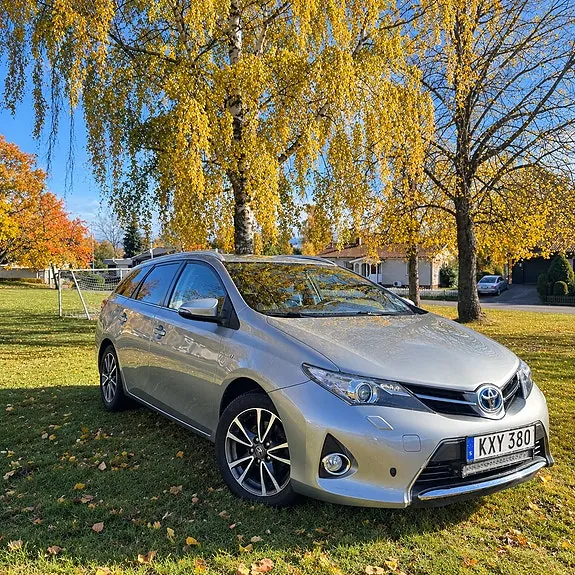 Toyota Auris 2015 photo 2
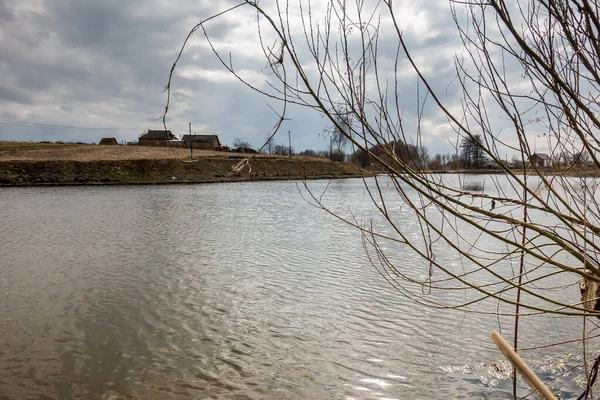 Gölün Arka Planında Açık Hava Eğlencesi — Stok fotoğraf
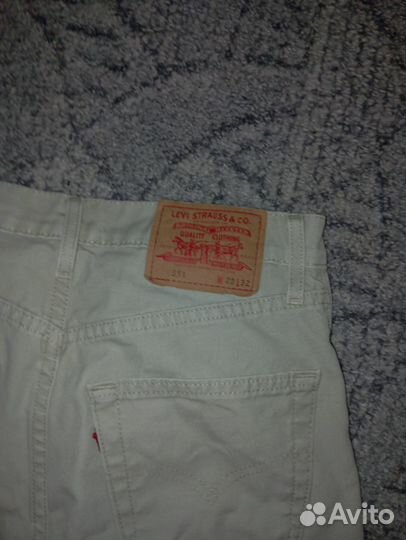 Джинсы levis 551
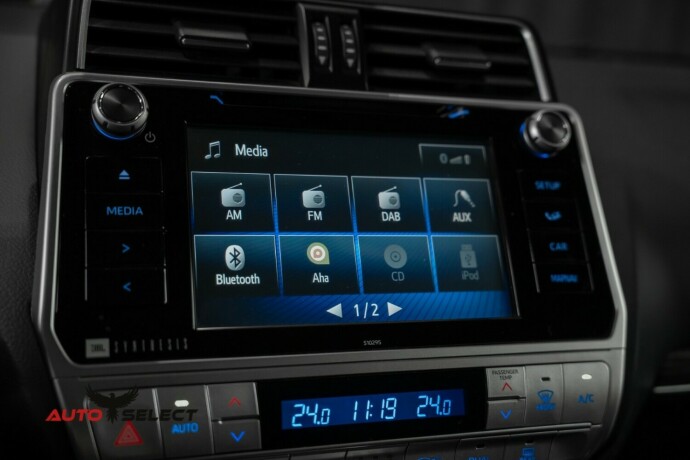 toyota-land-cruiser-diesel-2019-big-45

How to complete this task:
The needed output is the lines from the one with "Gölün Arka Planında" through the end of the listing, written out exactly, both ends included, pictures excluded.

Solution to the problem:
 Gölün Arka Planında Açık Hava Eğlencesi — Stok fotoğraf
 Джинсы levis 551
 toyota-land-cruiser-diesel-2019-big-45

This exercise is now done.